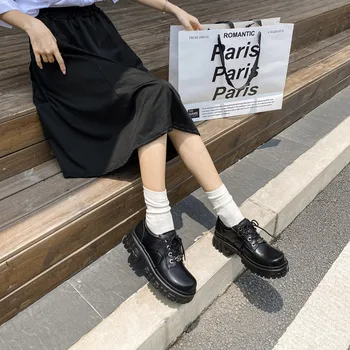 Ежедневни дамски обувки от 2021, британски черни обувки за жени, Модни дамски удобни обувки от спилка на дантела, Zapatillas Mujer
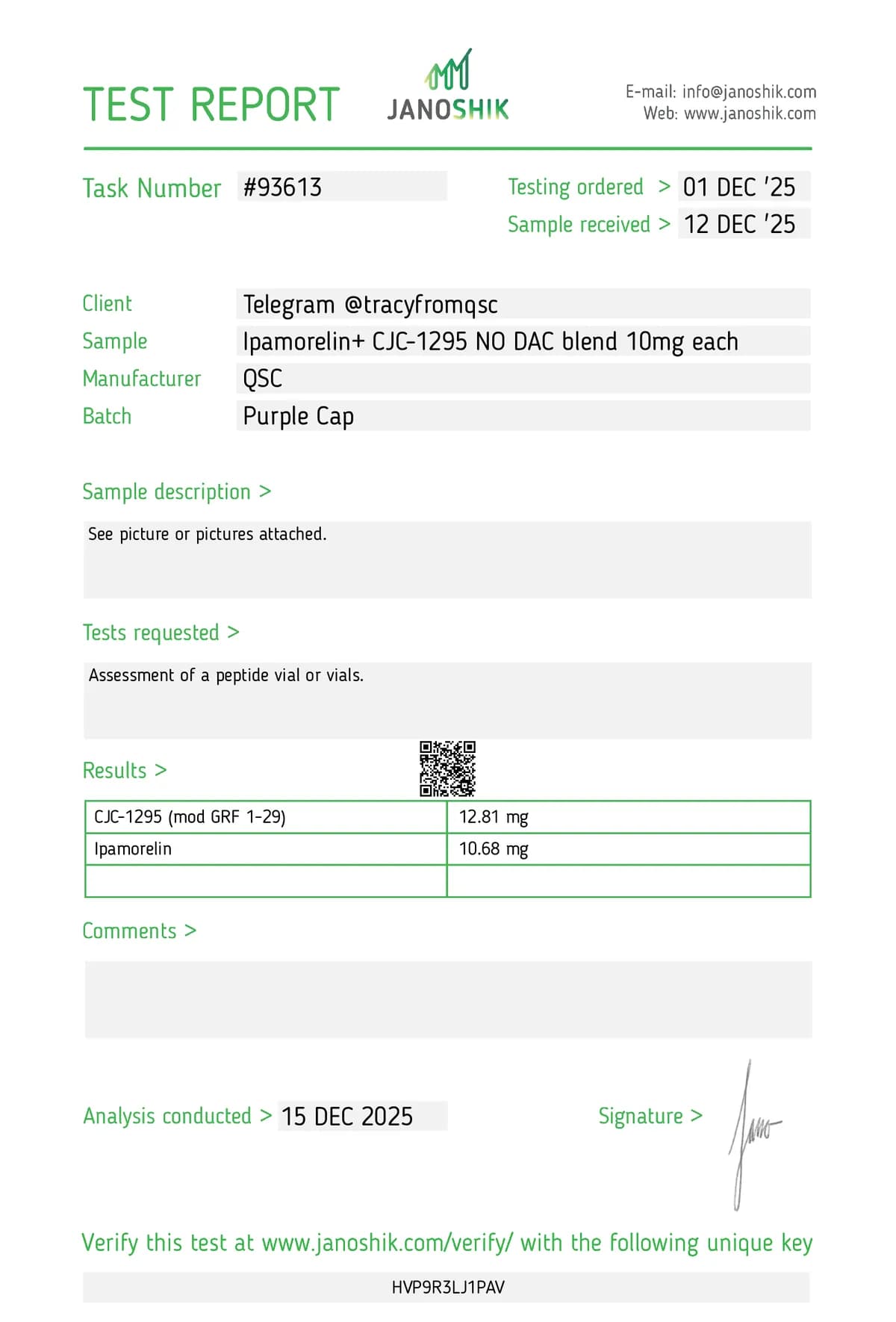 Janoshik lab report #93613 for CJC-1295 (no DAC) + Ipamorelin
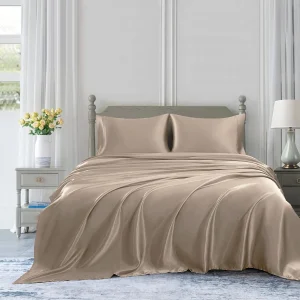 4 Pcs Satin Silk Bed Set (sand beige)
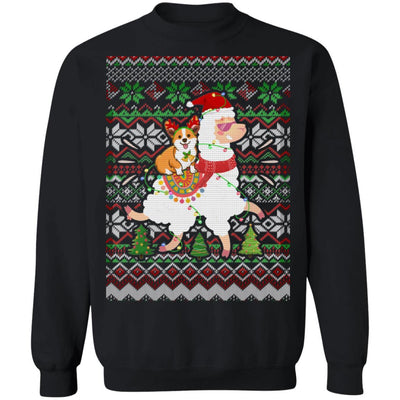 Funny Corgi Riding Llama Ugly Christmas Sweater Gifts-T-Shirt & Sweatshirt-Crewneck Sweatshirt-Black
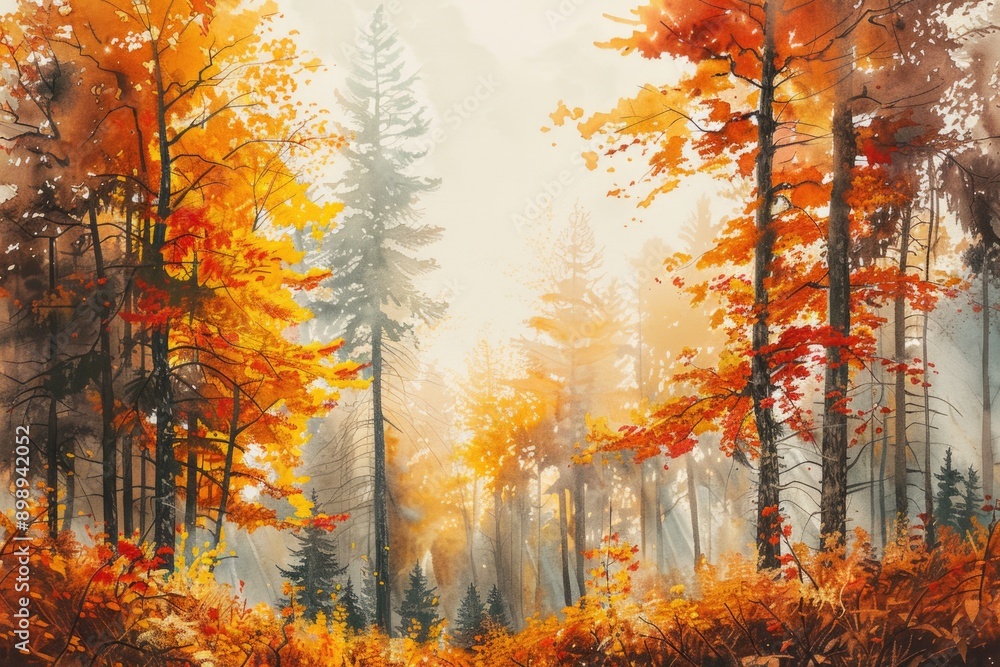 A serene forest scene with tall trees in the background
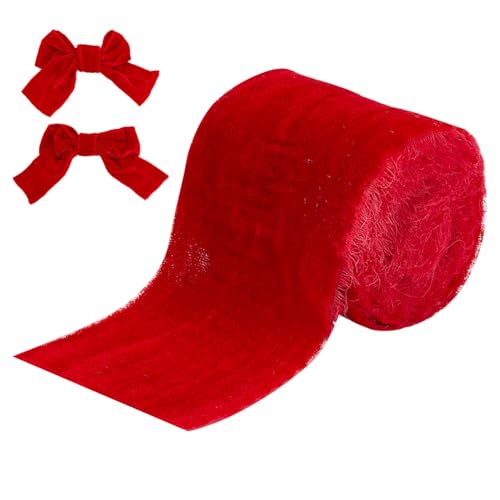 HOBBIESAY 5 Yard(4.5m) Rotes Samtband 76mm Breit Ausgefranstes Samtband Vintage Samtband Für Weihnachten Samtband Mit Rohkanten Zum Verpacken von Geschenken Heimdekoration von HOBBIESAY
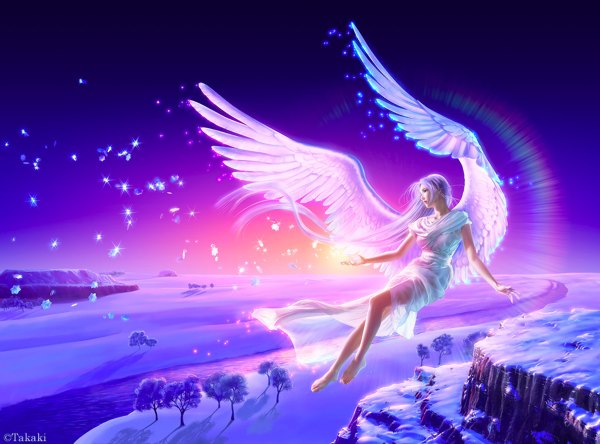 Anime picture 1200x888 with takashi mare single signed silver hair very long hair barefoot sparkle no shoes sleeveless evening snowing sunset winter snow flying angel wings river rock girl dress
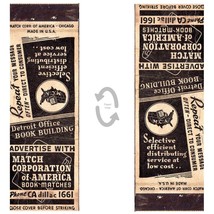 Vintage Matchbook Cover Match Corporation of America ad Detroit Michigan... - £3.90 GBP
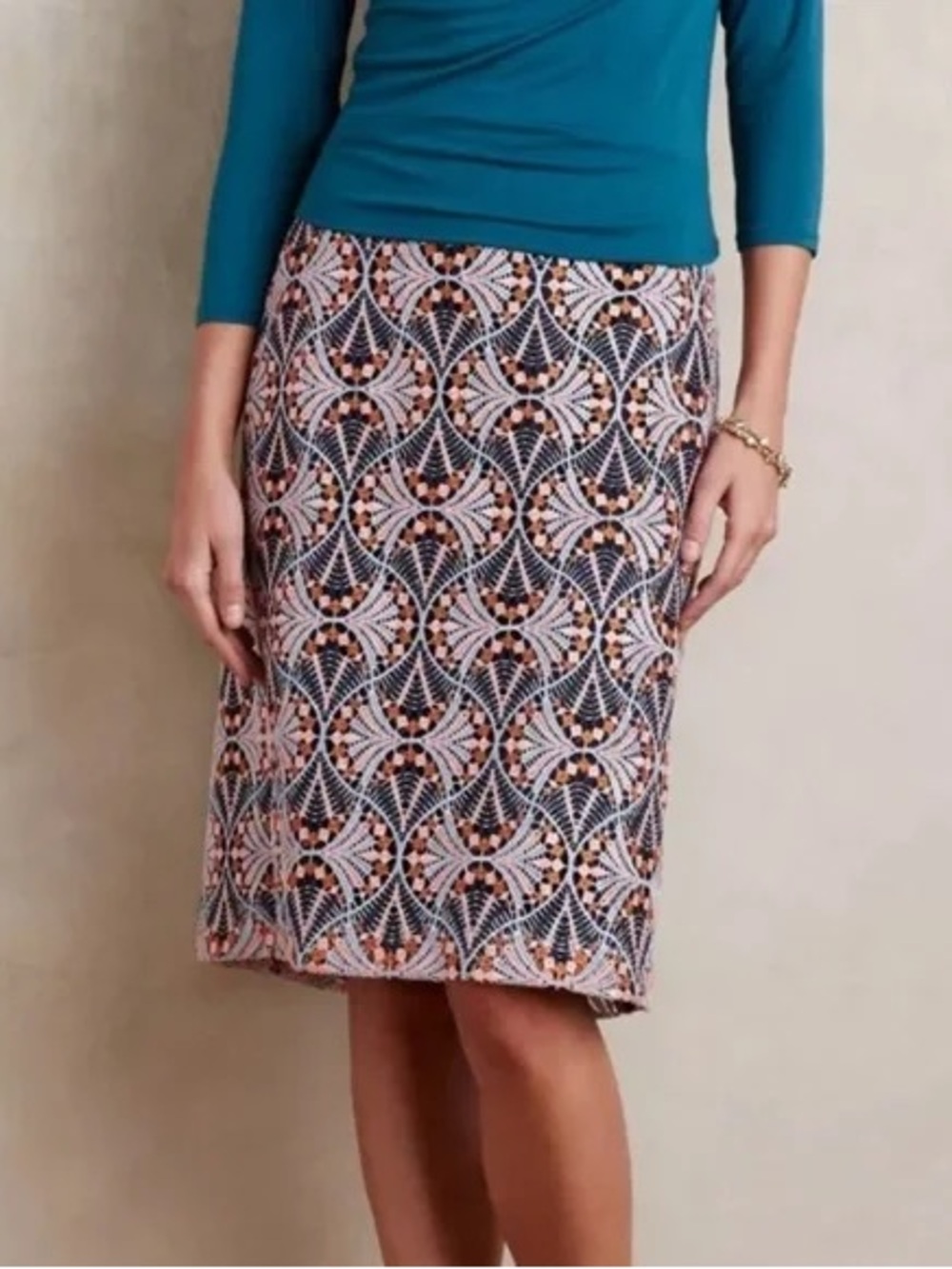 Anthropologie Moulinette Soeurs Svetla Lace Knit Midi Pencil Skirt Size 6 - Picture 3 of 10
.....
■ Exercise ■
Exclude the pictures and write out exactly the lines from the one holding "Janoshik lab report" through the end of the entries, inclusive, and only those.

■ Written answer ■
 Janoshik lab report #93613 for CJC-1295 (no DAC) + Ipamorelin
 4 Pcs Satin Silk Bed Set (sand beige)
 Funny Corgi Riding Llama Ugly Christmas Sweater Gifts-T-Shirt & Sweatshirt-Crewneck Sweatshirt-Black
 A serene forest scene with tall trees in the background
 HOBBIESAY 5 Yard(4.5m) Rotes Samtband 76mm Breit Ausgefranstes Samtband Vintage Samtband Für Weihnachten Samtband Mit Rohkanten Zum Verpacken von Geschenken Heimdekoration von HOBBIESAY
 Anime picture 1200x888 with takashi mare single signed silver hair very long hair barefoot sparkle no shoes sleeveless evening snowing sunset winter snow flying angel wings river rock girl dress
 Vintage Matchbook Cover Match Corporation of America ad Detroit Michigan... - £3.90 GBP
 Anthropologie Moulinette Soeurs Svetla Lace Knit Midi Pencil Skirt Size 6 - Picture 3 of 10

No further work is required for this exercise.